ProSal: A compensation system so easy this Pomeranian has it on lock, and, frankly, this pom has a REALLY short attention span. Editor's note: A young associate recently came to us with questions about her practice owner's compensation methods for her. We forwarded them on to veterinary practice management consultant Mark Opperman, CVPM, for answers. Why? She said her boss was using ProSal, Opperman's own method of calculating a guaranteed base veterinarian salary that also includes compensation for products and services that a doctor has a hand in delivering to clients. Because of this, we thought it was about time to give Opperman a chance to talk about ProSal and explain how it's not like some other compensation plans.
Many veterinary practice owners believe they're paying associates using the ProSal method of compensation when they're not. Do you use ProSal? If so, do you do any any of the following?
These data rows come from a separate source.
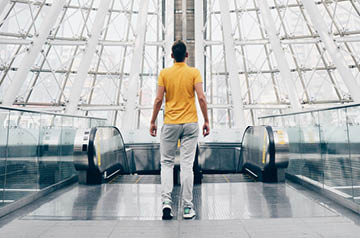 Person in light-filled glass-domed area contemplating which escalator to take
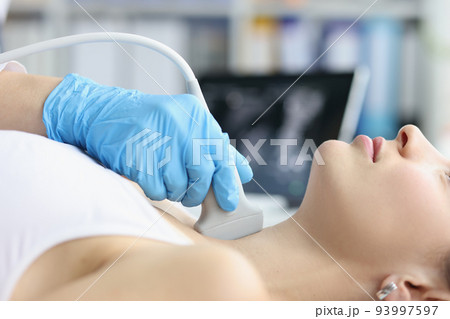 Woman receives ultrasound of thyroid gland from doctor Woman receives ultrasound of thyroid gland from doctor 93997597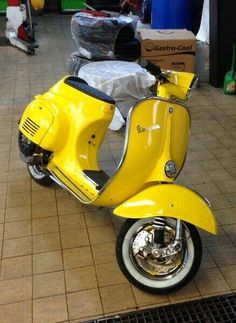 a yellow scooter is parked in the middle of a tile floored area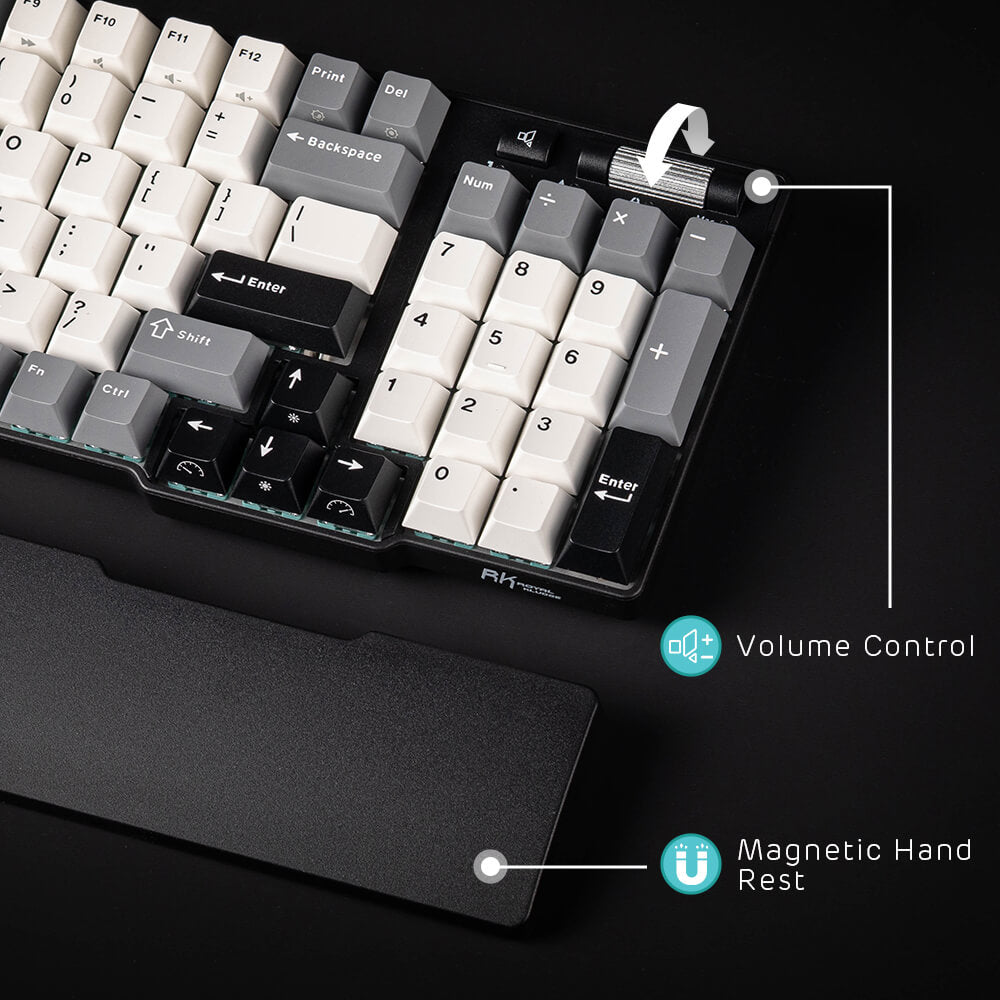 Mechanical keyboard with volume control and magnetic hand rest on a black background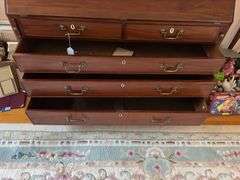 Slant front desk w/ compartmented interior w/ seashell inlaid prospect door, graduated drawers w/ inlaid escutcheons, ogee bracket feet  50x21x43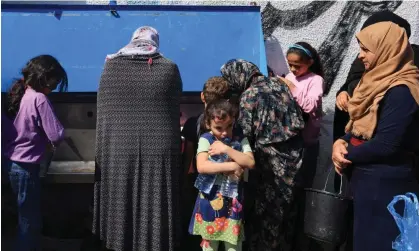  ?? Photograph: Mahmud Hams/AFP/Getty Images ?? The UN agency for Palestinia­n refugees providing water for displaced people. Since Saturday, limited amounts of bottled water have entered Gaza in aid convoys.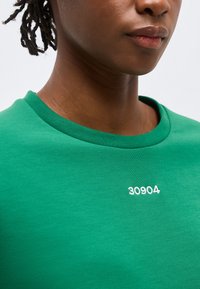 Κοντινό πλάνο ενός ατόμου που φοράει πράσινο πουκάμισο με το "30904" τυπωμένο με λευκά γράμματα στο στήθος, εμφανίζοντας τα χείλη, το λαιμό και μέρος των μαλλιών.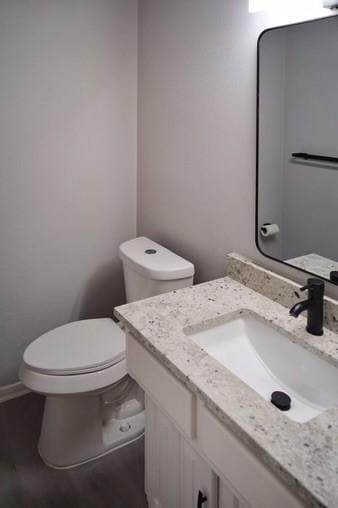 bathroom featuring toilet and vanity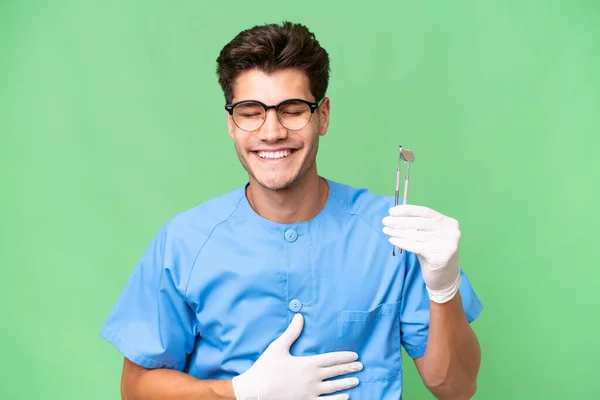 Young Dentist Man Holding Tools Isolated Background Smiling Lot — Stock Photo, Image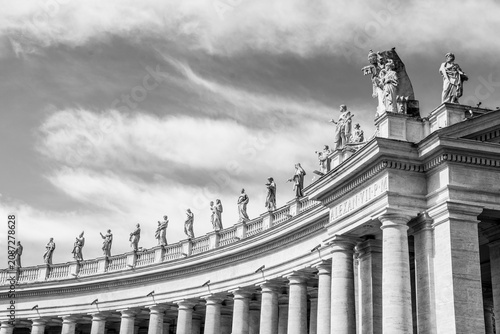 Curved classical colonnade with row of statues on entablature under dramatic cloudy sky, black and white architectural photograph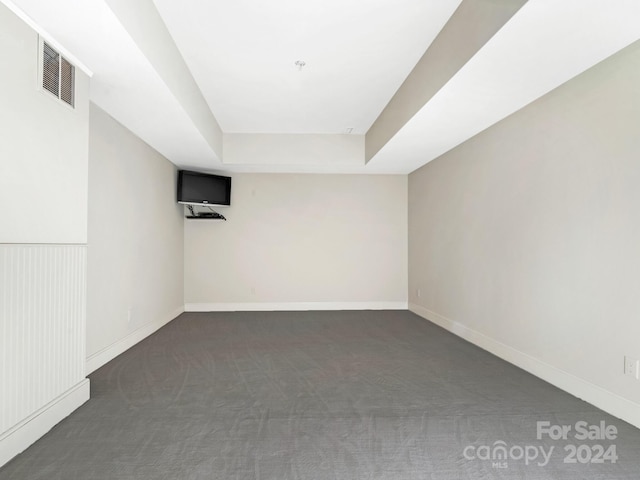 empty room with dark colored carpet and a tray ceiling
- Carrying forward a deficit from one month to the next if your associate doesn't produce enough to cover their guaranteed base
- Paying your associate 26 times a year instead of 24 times a year
- Paying for your associate's vacation or PTO in addition to the guaranteed base
- Using a guaranteed base intentionally less than what you expect your associate will produce
If you're doing any of these things, you're not paying your associate using ProSal. Although ProSal is a popular method of compensation (and for good reason), it's also the method that is most often misunderstood and misquoted. So, as the “father” of ProSal, let me try to clarify true ProSal and how it should be applied if you intend to use this method of compensation.
ProSal is a combination of a guaranteed base of compensation in which your associate is paid based on a percentage of their production. But it's not base plus production-that's something else. Before you get confused, let's start from the beginning.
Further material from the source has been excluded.